Seldman says the current price swoon has exposed inefficient business models for some recyclables such as glass. At issue, he says, are the contracts the garbage hauling industry has struck with cities — contracts that sometimes stipulate that recyclables have to be transported at an additional cost to a facility servicing a broader area. The upshot? With that additional cost, recycling glass and some other products become simply unviable.

There are positives in sight. Groups are coaching cities on ways to reach more residents with clearer messages. Efforts are underway to cut contamination in recycling streams. And finally, there may be an incentive now for municipalities to keep the processing of recyclables local.

The (Recycling) Medium Is the Message

Messaging and education are twin solutions to boost the amount of material that’s correctly recycled. This effort is hampered by no centralized, coordinated effort on the part of a government agency such as the EPA. One example, according to Waste Dive, an online publication that tracks the industry, is the lack of an industry consensus on just how to measure the success of recycling efforts: Private collection companies and municipal waste services departments still struggle over whether the best metric to track the amount of recyclable material diverted out of nationwide trash flows should be raw tonnage recycled, or the net effect to greenhouse gasses, the latter based on inputs such as participation rates and recycling collections calculated with a formula to estimate CO2 offsets. The argument is that even if hypothetical, the greenhouse-gas numbers might shed more light on the environmental value of each facet of a municipal program — and provide a meaningful public-relations yardstick to boot.

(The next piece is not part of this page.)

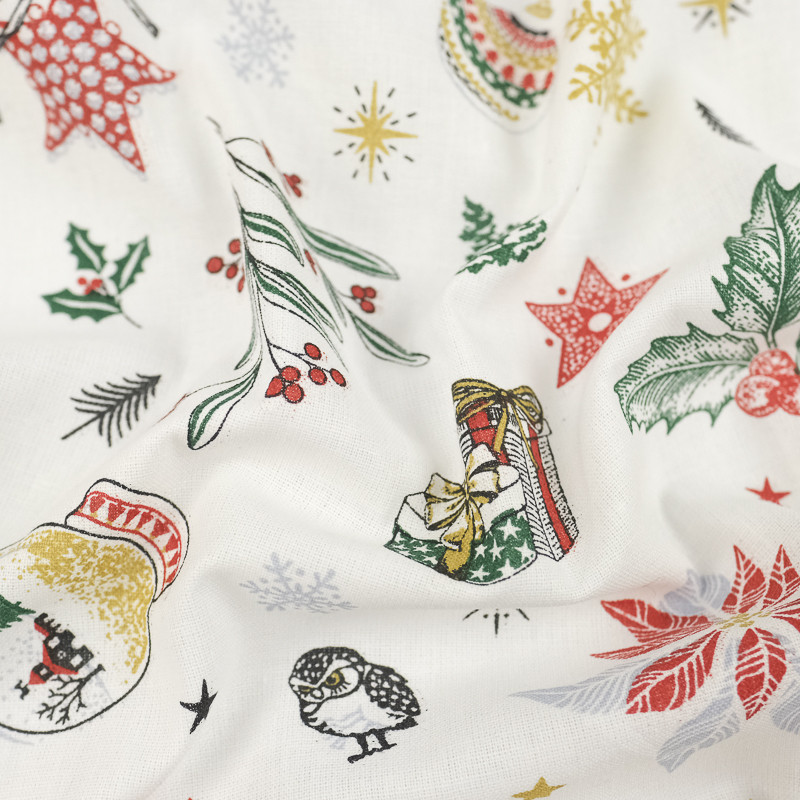 Tissu Noël boule à neige et oiseaux Oeko-tex - 10cm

In such a data-analysis vacuum, nonprofits take up the slack. Recycle Across America has pushed for standardized labels for bins nationwide and boasts a case study across Rhode Island that helped to bring contamination rates down 20 percent. And the Recycling Partnership this week launched its program to help cities measure the full impact of recycling efforts, including a greenhouse gas calculator on the organization’s website. The nonprofit is backed by private-sector funding partners, including companies who rely on paper and plastic packaging such as Amazon, Starbucks, Target and International Paper. Marshall says the group handed out grants totaling $40 million last year, primarily targeting collection efforts where he says communities spend the majority of recycling funds. In four years leading up to 2017, for instance, it provided funding to purchase 182,000 curbside carts and helped 583 communities.

Starting in 2016, the Recycling Partnership reached out to municipal garbage and public works managers across the country to understand what was at the root of persistent contamination problems. Three cities provided interesting case studies. Recycling programs in Chicago and Atlanta turned up high percentages of the wrong type of trash. Denver, meanwhile, had low contamination levels, but needed to step up participation to boost the city’s recycling rate of 18 percent. “We had some big, dynamic ideas, so we decided to partner with all three cities at the same time,” says Marshall.

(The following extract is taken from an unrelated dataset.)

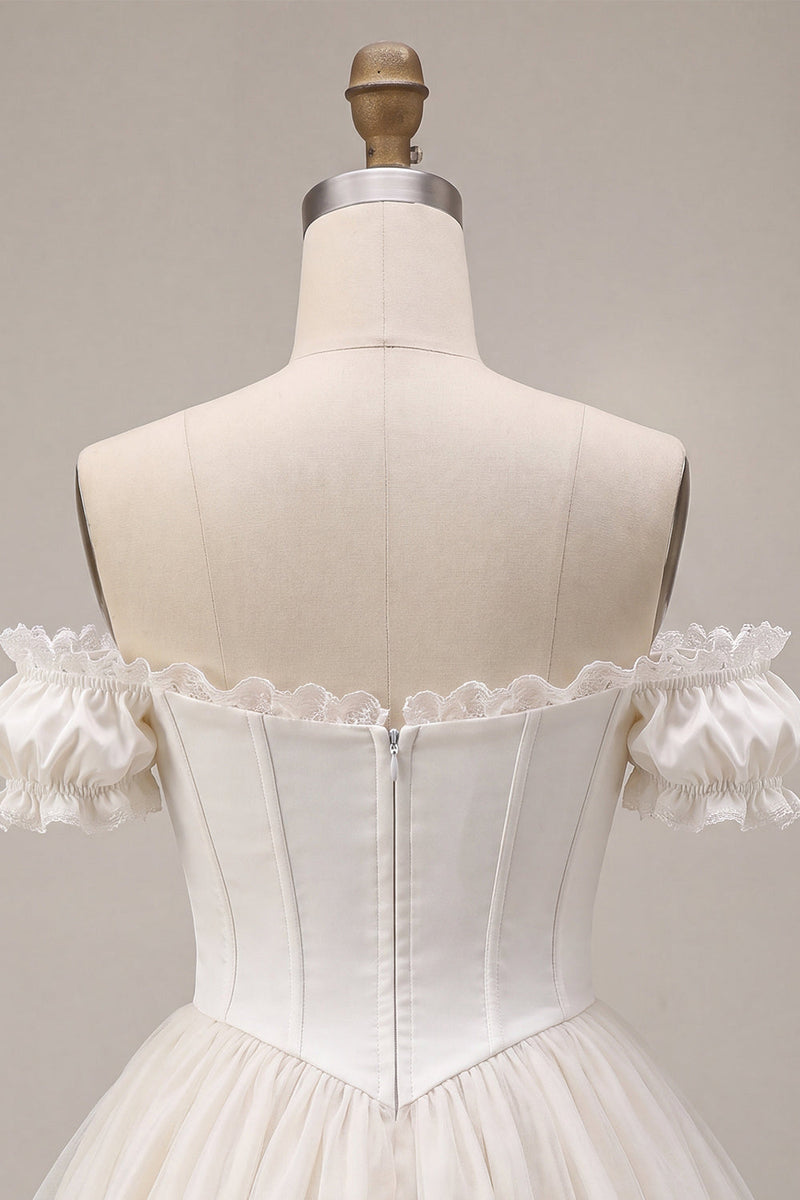 Load image into Gallery viewer, Ivory Ruffled A Line Short Corset Cocktail Dress with 3D Flower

The nonprofit contacted public works or sanitation departments in all three cities to propose a series of exploratory interventions that Marshall characterized as “tactical messaging” — a campaign anchored to one specific message for each city. In Atlanta, the primary focus was simple: too many residents were putting recyclables in plastic garbage bags, which polluted collections. The campaign slogan became, “Don’t bag your recyclables.” In Chicago, the message was: “Don’t put plastic wrap in your recycling cart.” Denver’s effort, meanwhile, encouraged residents to recycle more aluminum beverage cans.

Step one was to spread the word with mailings, social media posts and printed tags attached directly to recycling carts. Recycling Partnership directors, meanwhile, conducted seminars and training sessions in each of the three cities to teach employees — garbage route drivers in Chicago and public works employees in Atlanta and Denver — how to track collections on the ground, going as far as opening cart lids and taking note of what was turning up.

That observe-and-record system was put to the test over the next eight recycling collections. In Chicago, for instance, drivers tagged carts filled with trash that was not in line with recycling guidelines. In Denver and Atlanta, teams of city employees snooped in bins before garbage collectors arrived. Their mission: Affix tags where they saw violations — this was not only a message to sanitation employees to skip a specific bin, but a way to bring residents up to speed on the rules.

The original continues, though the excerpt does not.